Le premier tandem a ainsi eu lieu samedi après-midi, devant un beau public venu assister au dialogue entre l’écrivain et essayiste marocain Kebir Mustapha Ammi, un esprit libre qui ne se reconnaît d’espace d’appartenance que celui des mots et de la littérature dans un monde de frontières négatrices à l’intérieur même, souvent des frontières, et Sylviane Dupuis, poète, dramaturge et essayiste genevoise.
Traduite en huit langue, dont l’arabe, Sylviane Dupuis est une grande figure de la littérature suisse romande. Auteur de sept recueils de poésie, de six pièces de théâtre et de trois essais, la co-fondatrice de la toute jeune Maison de la Littérature de Suisse romande a cette merveilleuse singularité de construire ses poèmes comme des œuvres d’art plastique où graphe et graphisme s’épousent pour mettre en scène un espace du sens et du sensible. Sylvaine Dupuis le dit bien : «L’art est aussi une forme. Et c’est cette forme qui permet de se faire que comprendre et d’échanger avec l’autre». Mais la forme, chez elle, va bien plus loin que la simple recherche d’une structure qui permet de rendre le texte accessible à l’autre. Géométrie de la lettre et du blanc, mise en miroir, mises en abîme, dialogue de la lettre avec la page blanche qui n’est plus simple support, la forme, chez elle, se fait chorégraphie convoquant tous les arts. Les mots s’y mettent en place comme un corps dansant, tantôt mouvant, tantôt figé, qui prend, quoi qu’il en soit, place dans un espace qu’il s’accapare. Un espace immense dont il prend possession jusqu’à faire parler les blancs, vibrer les vides.
Sylviane Dupuis mène d’ailleurs, dans certains de ses recueils, une réflexion sur le sens et la portée de l’art. «Qu’est-ce que l’art?» Une question qu’elle se pose, en effet, dans un recueil tout en aphorismes où elle donne sa « définition » de l’art : à savoir une « non définition », comme elle le dit elle-même. Car l’art est d’abord dans ce qui n’est pas et qu’il révèle, ou donne à sentir. «L’art n’a pas à plaire mais à agir sur nous (et sur ce qui, en nous, lui résiste», écrit-elle ainsi.

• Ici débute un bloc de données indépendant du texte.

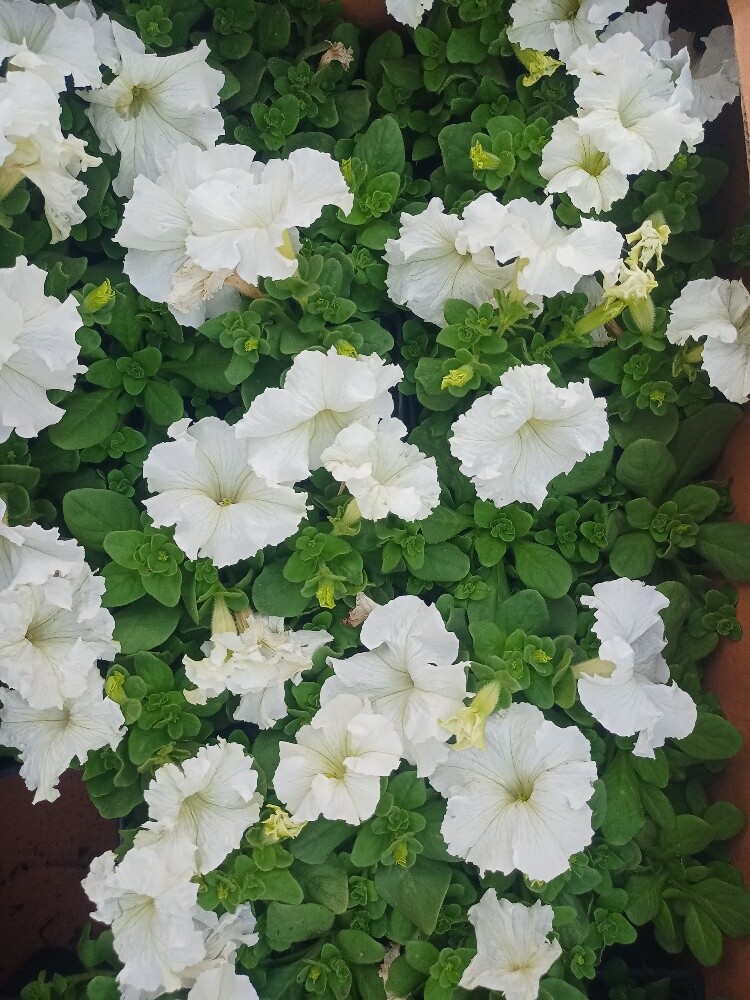Albalushi - 25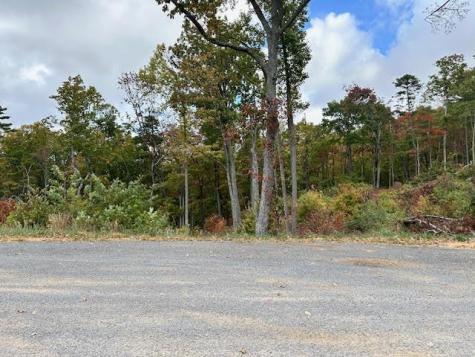 Lot 173 Shagbark Court Ellijay GA 30541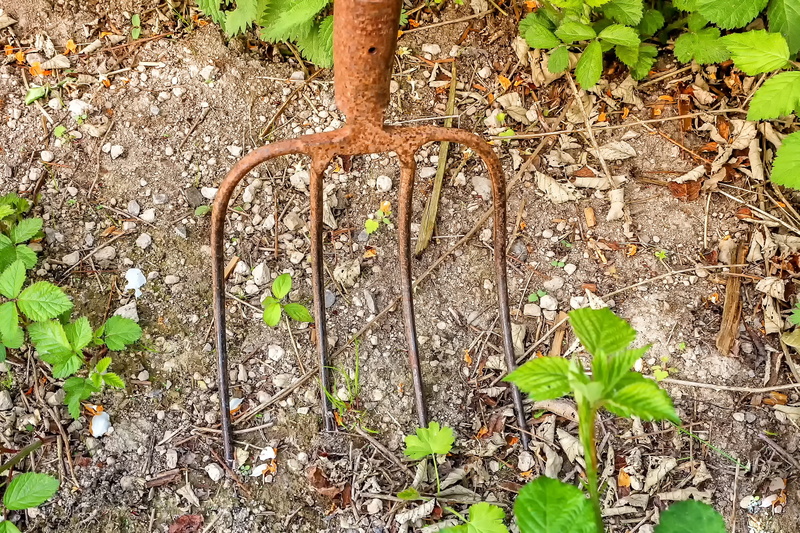 leaf, pitchfork, leaves, land, rusty, plant, field, green, garden, high angle view, close-up, growth, 2K, work, day, digging around, forest, tine, gardening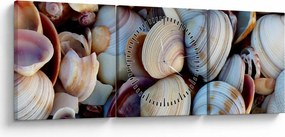 Kagyló képe (órával) (90x30 cm)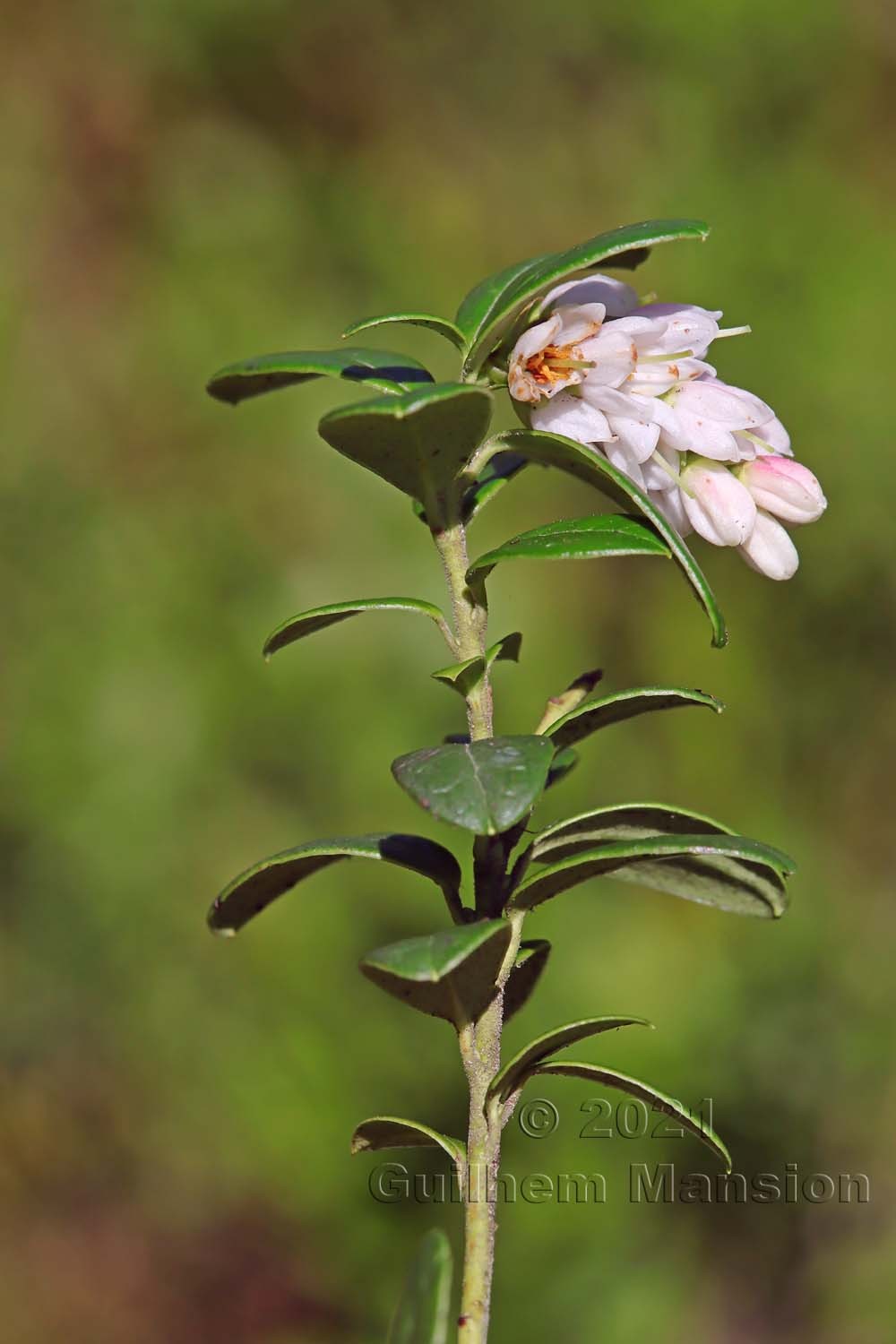 Vaccinium vitis-idaea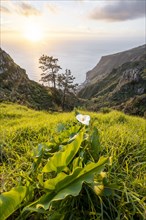 White zantedeschia, Calla, Evening mood, Greetings landscape at cliff, Sea and coast, Viewpoint Miradouro da Raposeira, Madeira, Portugal, Europe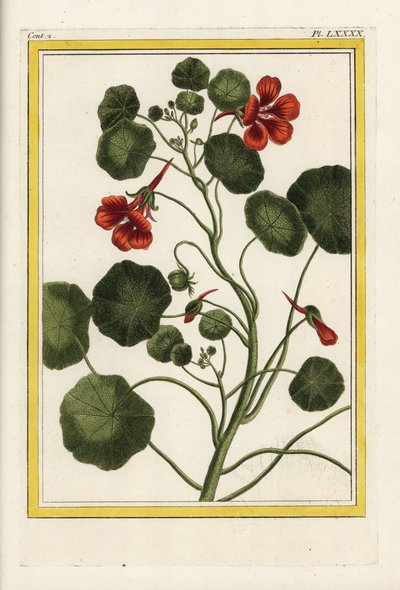Kapusiini. Puutarhakastikka, Tropaeolum majus. Käsinväritetty etsaus Pierre Joseph Buchozin teoksesta "Precious and illuminated collection of the most beautiful and curious flowers, grown both in the gardens of China and in those of Europe, Paris". tekijältä Unbekannter Künstler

L’art ou la liberté d’habiter librement son espace« J’ai écrit une 1ère pièce, en 1990, qui était un clin d’œil à «En attendant Godot» de Samuel Beckett. A la fin, les personnages sont libérés, au bout de 40 ans. Que vont-ils faire de cette liberté? D’abord, ils décident de sortir de la pièce, puis d’y retourner pour l’habiter librement. Cette pièce a beaucoup plu dans les pays de l’Est où les gens se sont reconnus dans cette situation, ce désir de vouloir habiter librement son espace.», a déclaré, samedi, Sylvianne Dupuis dans le cadre de ce dialogue avec Kebir Mustapha Ammi. Et de faire allusion alors, avec cette délicatesse qui lui est propre, aux événements terroristes qui ont endeuillé Paris, en janvier: «Quand on se sent vide, qu’on a un problème à se situer dans le monde, il arrive qu’on passe à l’acte incompréhensible qui dit et le vide chez quelqu’un et ce qui va mal dans la société.»

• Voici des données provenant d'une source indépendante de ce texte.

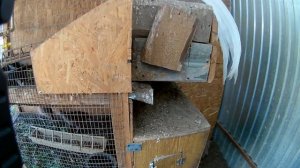 Клетки для разведения куропаток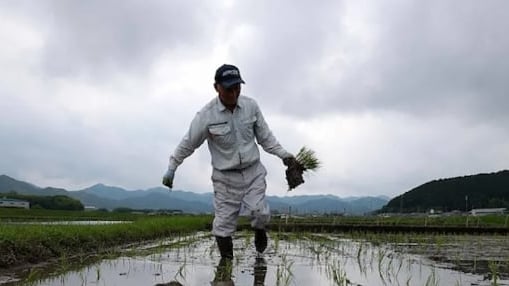 Japan rice prices double, raising pressure on PM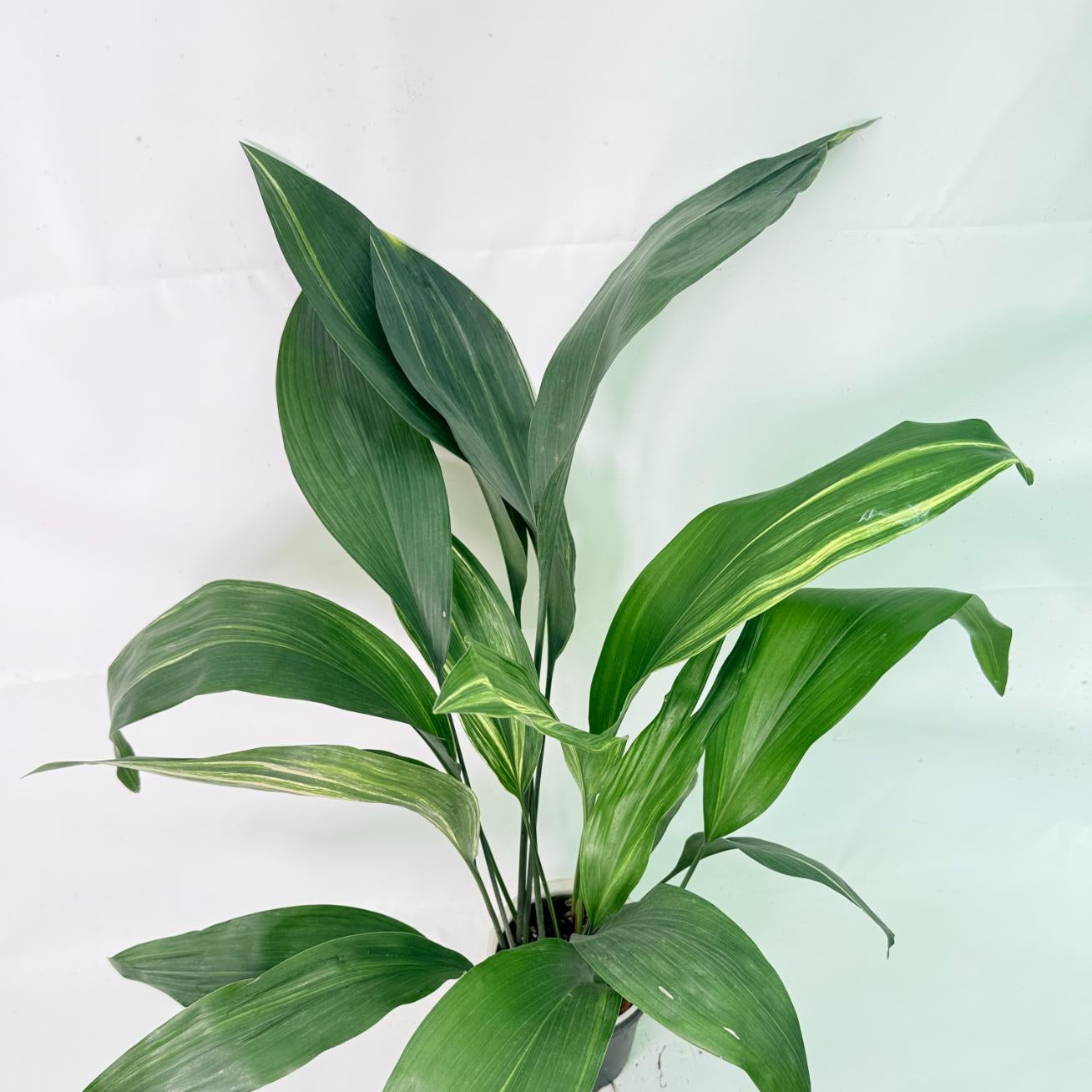 Aspidistra Elatior Variegata 02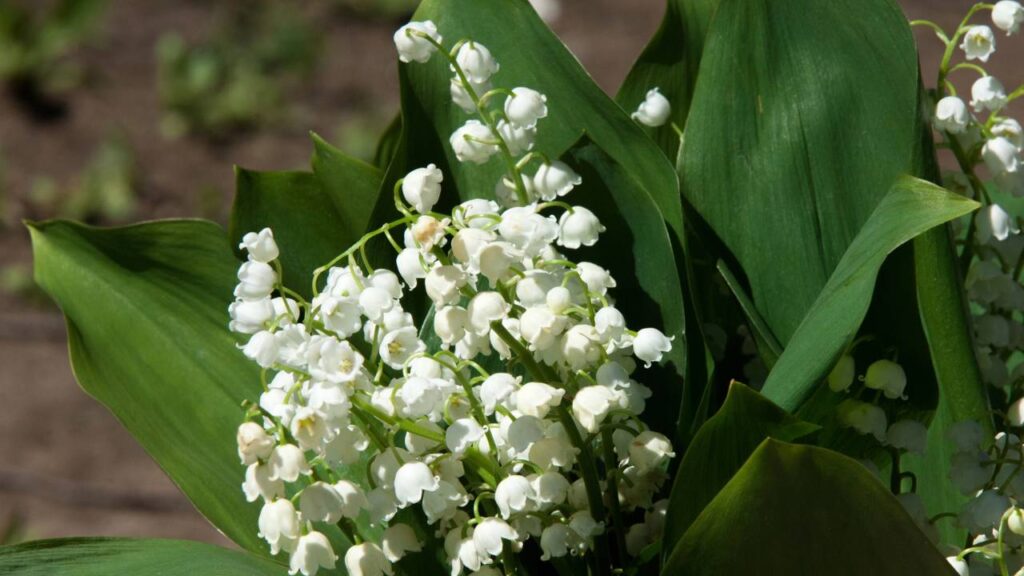 Essa flor renasce a cada estação e se tornou símbolo silencioso de esperança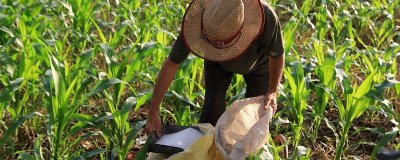 玉米的追肥时间,不同生长阶段的需肥量不同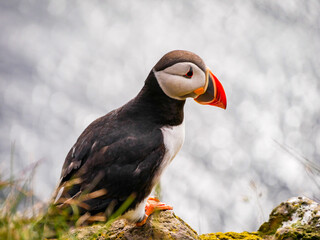 Atlantic Puffin on Cliff Edge — Coastal Colony Portrait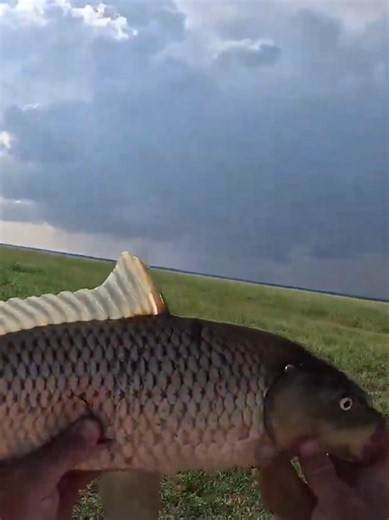 #fishing #carp #sazan #ribalka_ribalka #crucian #spinning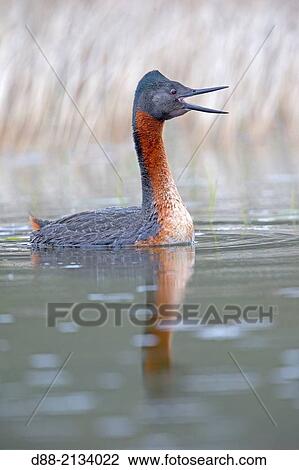 Stock Image - Chile, Patagonia, Magellan Region, Torres del Paine National Park, Great Grebe (Podiceps major).. Fotosearch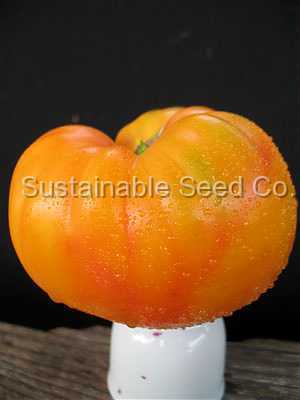 Photo of Tomato (Solanum lycopersicum 'Old German') uploaded by vic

Le dialogue s’est conclu sur un hommage rendu par Sylvianne Dupuis, prix Ramuz de poésie pour son recueil «Creuser la nuit», à Kebir Mustapha Ammi, «un conteur au point d’intersection de deux univers, un héritage de langue, et un héritage du récit.» Elle recevra à son tour l’auteur, entre autre, d’«Un génial imposteur», fin avril, à Genève, pour le Salon du livre qui s’y déroulera du 29 avril au 3 mai. Les deux écrivains ont d’ailleurs, durant ce beau face à face, questionné ces espaces plurilingues où, étrangement, les langues peinent à prendre place, subissent le joug d’une langue dominante ou dominatrice ou une situation de marginalisation qui étouffe la littérature.